- Task details -
A verbatim copy of the records is required, with all pictures left out.

- Record excerpts -
= = = =

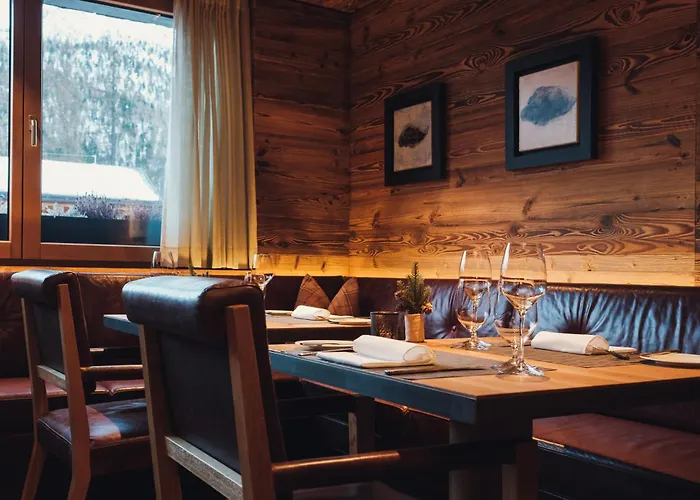 The Capra Hotel Saas Fee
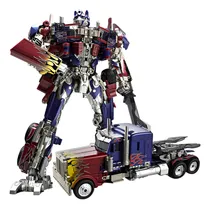 Comprar Optimus Prime Transformer Gigante 28 Cm Juguete De Coleccion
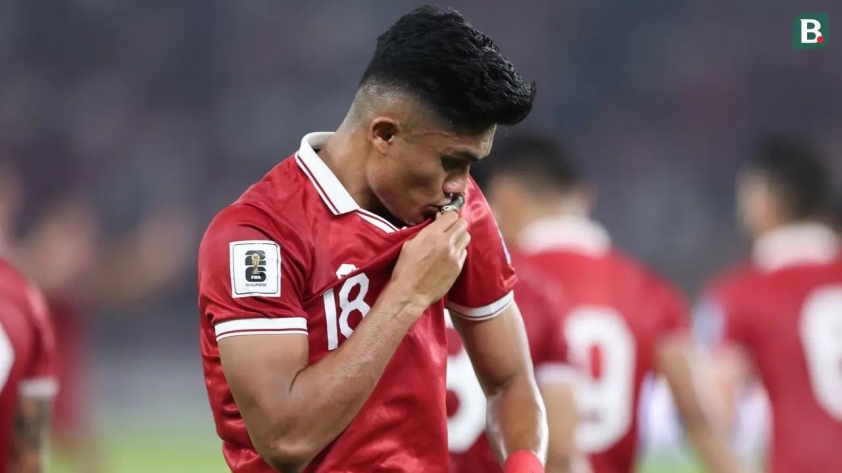 HLV Patrick Kluivert và tương lai tươi sáng của hàng công Đội tuyển Indonesia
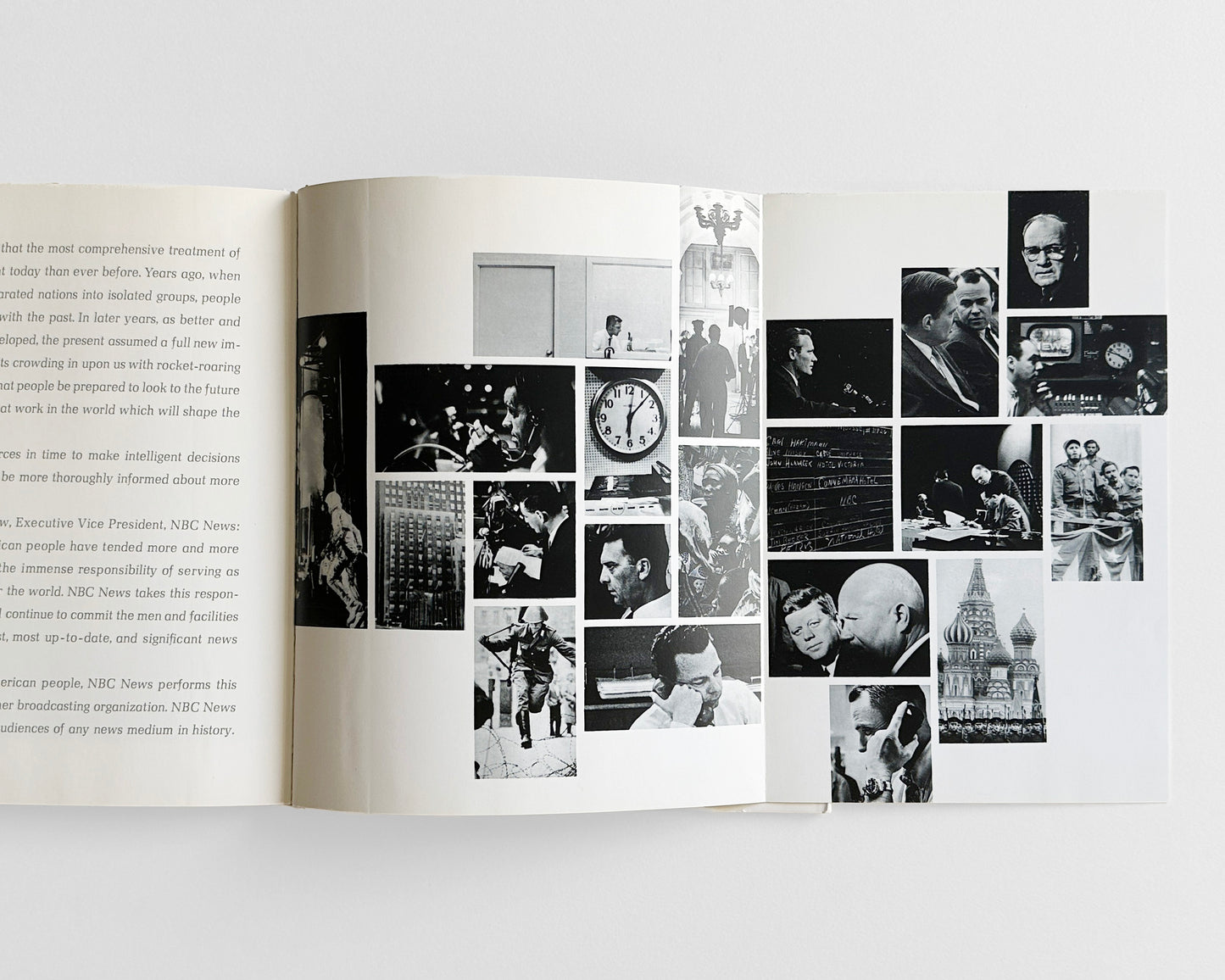 Stand by: NBC News [John Graham, Promotional Book]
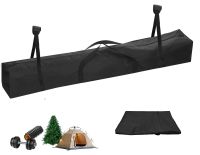 Omgoods - Sac de rangement étanche pour arceaux de tente d'extérieur de grande capacité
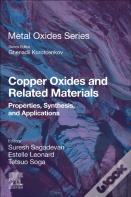 Copper Oxides And Related Materials
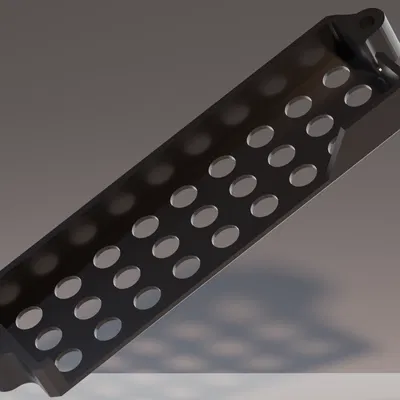 Giá gắn Anker USB hub lên bàn (desk mount)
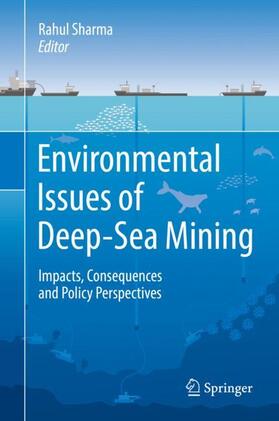 Environmental Issues of Deep-Sea Mining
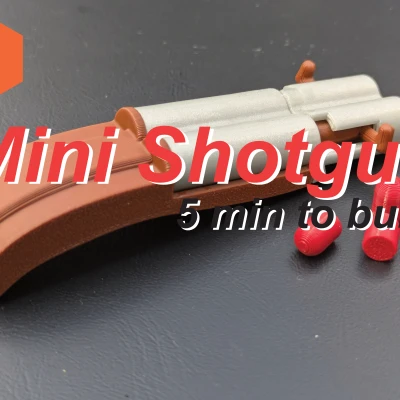 Súng shotgun mini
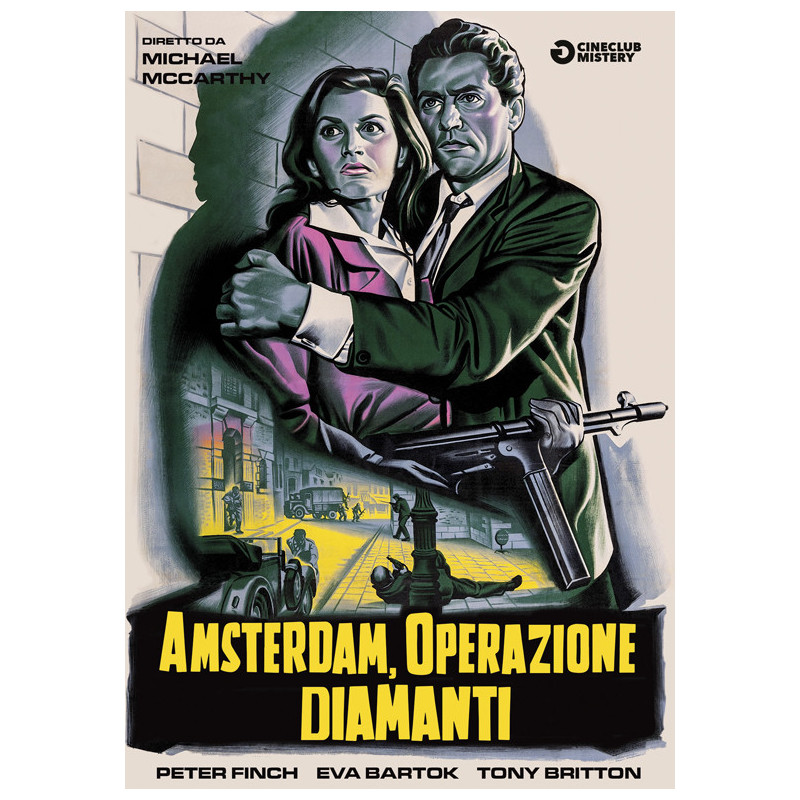 AMSTERDAM OPERAZIONE DIAMANTI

= = = =

- Completed exercise -
 The Capra Hotel Saas Fee
 Comprar Optimus Prime Transformer Gigante 28 Cm Juguete De Coleccion
 HLV Patrick Kluivert và tương lai tươi sáng của hàng công Đội tuyển Indonesia
 Stand by: NBC News [John Graham, Promotional Book]
 Omgoods - Sac de rangement étanche pour arceaux de tente d'extérieur de grande capacité
 Copper Oxides And Related Materials
 Giá gắn Anker USB hub lên bàn (desk mount)
 Environmental Issues of Deep-Sea Mining
 Súng shotgun mini
 AMSTERDAM OPERAZIONE DIAMANTI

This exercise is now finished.